Crude oil prices have rallied for most of the past two weeks due to a combination of Nigerian, Venezuelan and other outages, declining U.S. output and curtailments of Canadian crude after fires in Alberta’s oil sands region.
U.S. West Texas Intermediate (WTI) futures were up 67 cents at $48.39 a barrel at 0635 GMT, the highest since October.
Brent crude futures were up 37 cents at $49.34 a barrel, near the six-month high of $49.47 reached on Monday.
Outages throughout May will average 3.2 million barrels per day (bpd), Energy Aspects analyst Amrita Sen said in a research note.
“The longer these outages, the quicker the pace of rebalancing,” Sen said.
“Although refining margins remain weak, we maintain our view that persistent crude stock draws (will) begin by end Q2 16,” she said.

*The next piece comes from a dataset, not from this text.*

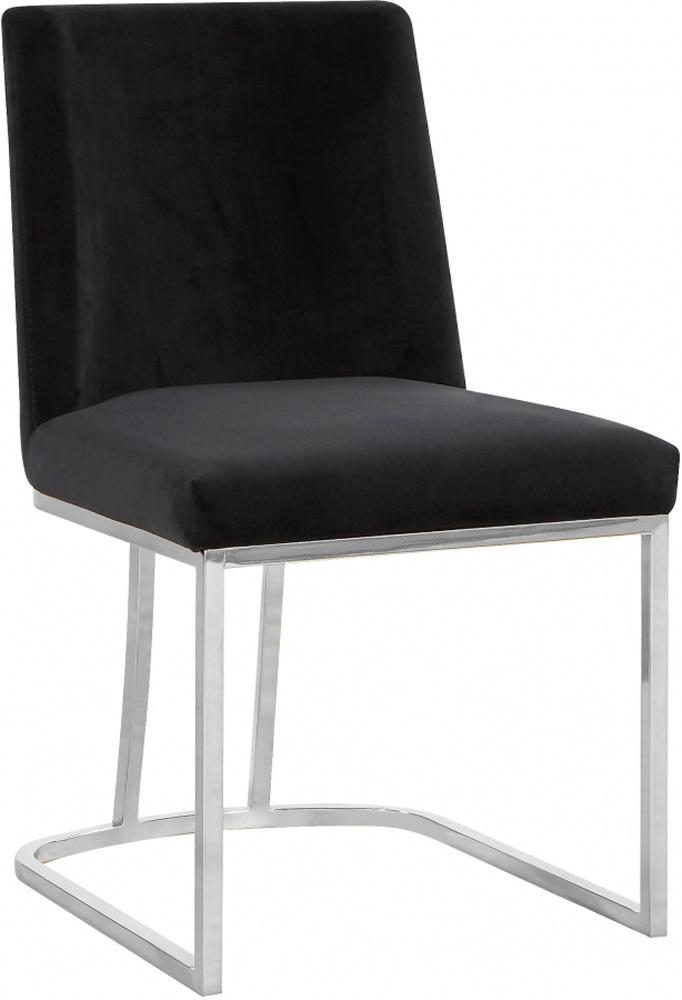 Meridian Furniture - Heidi Black Velvet Dining Chair (Set of 2) - 728Black-C veiw 1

The disruptions triggered a U-turn in the outlook for the oil market from Goldman Sachs. The U.S. bank, which had long warned of global storage hitting capacity and of another oil price crash to as low as $20 a barrel, now sees U.S. crude trading as high as $50 in the second half of 2016.
A further bullish note was sounded by the U.S. Energy Information Administration (EIA) when it said shale oil output is expected to drop in June for an eighth consecutive month.
Shale output is expected to fall by nearly 113,000 bpd to 4.85 million bpd, as the nearly two-year slump in prices continues to undermine profitability for drillers, the EIA report released on Monday shows.
Oil prices were also drawing support from fires burning around the Canadian oil sands hub of Fort McMurray.
The fires were growing and moving rapidly north late on Monday, forcing firefighters to shift their focus to protecting major oil sand facilities north of the city, officials said.
A dozen work camps south of the major projects faced mandatory evacuation notices.